David Tran’s comments were the most combative so far in a highly publicized conflict during which the company has largely kept the tone of its public statements conciliatory.
“Suppose if the city chose never to issue another business license to the company? Who would be left to run this company’s operations? The city of Irwindale?” the chief executive said in the statement.
Irwindale city officials said they have to take all necessary actions to combat what some residents say is a serious public health issue. They received reports of burned eyes and inflamed asthma, and one family said an entire birthday party fled indoors after the spicy smell descended on the festivities.
“Given how long it’s going on, we had no choice but to institute this action,” Irwindale City Atty. Fred Galante said.
Tran accused the city of acting “severely toward us without conducting a real investigation” when it requested that the entire facility be shut down. Inspectors from the South Coast Air Quality Management District have visited the plant several times without issuing a citation. Tran said in court documents that the complaints about the smell originated with an Irwindale city councilman’s son.
Huy Fong Foods decided to locate its factory in Irwindale three years ago when the city offered a loan with “irresistible” terms: Pay only interest for 10 years, with a balloon payment at the end.

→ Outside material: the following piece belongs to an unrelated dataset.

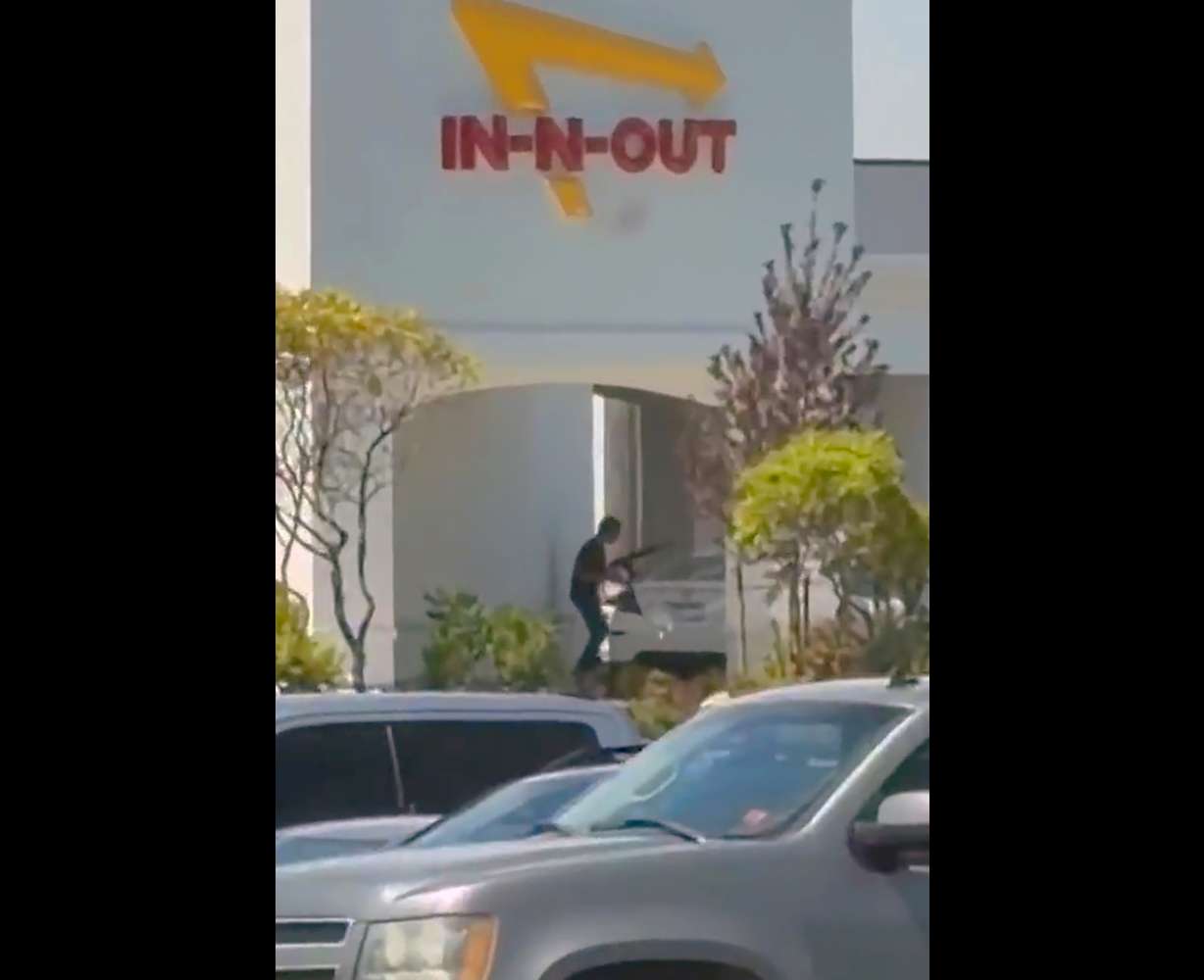 This still image captured from video by a witness shows the scene of a shooting that started at an In-N-Out Burger restaurant on Saturday in Twin Falls, Idaho.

The company took the loan and contributed $250,000 to Irwindale each year as part of the deal, Tran said. The company then built a $40-million factory that at full capacity could generate about $300 million a year in sales, according to Tran’s statements.
But after complaints about the smell began last year, Tran said he began to get an “odd feeling” about the city’s behavior. In response, the company has taken out a loan with less favorable terms from East West Bank to pay off the city loan.
Because its hot sauce is made with fresh chiles that are harvested, ground and processed within the same day, Huy Fong Foods has a delicate, three-month-long production cycle that typically begins in September. Interrupting the process could force the company to leave the chiles to rot in the fields and jeopardize next year’s supply of hot sauce.
Over the last decade, Sriracha hot sauce has achieved what might be called rock-star status among condiments, spawning a documentary, a food festival, a cookbook and a special flavor of Lay’s potato chips. Reports of a potential shortage sent shock waves through the sauce’s legions of fans, prompting many to pass around Sriracha recipes and rush to supermarkets to buy up the remaining stock.
Huy Fong Foods moved to the Irwindale plant so it could triple its capacity in response to soaring demand, Tran said. In 2012, sales of its hot sauce generated $60 million in revenue.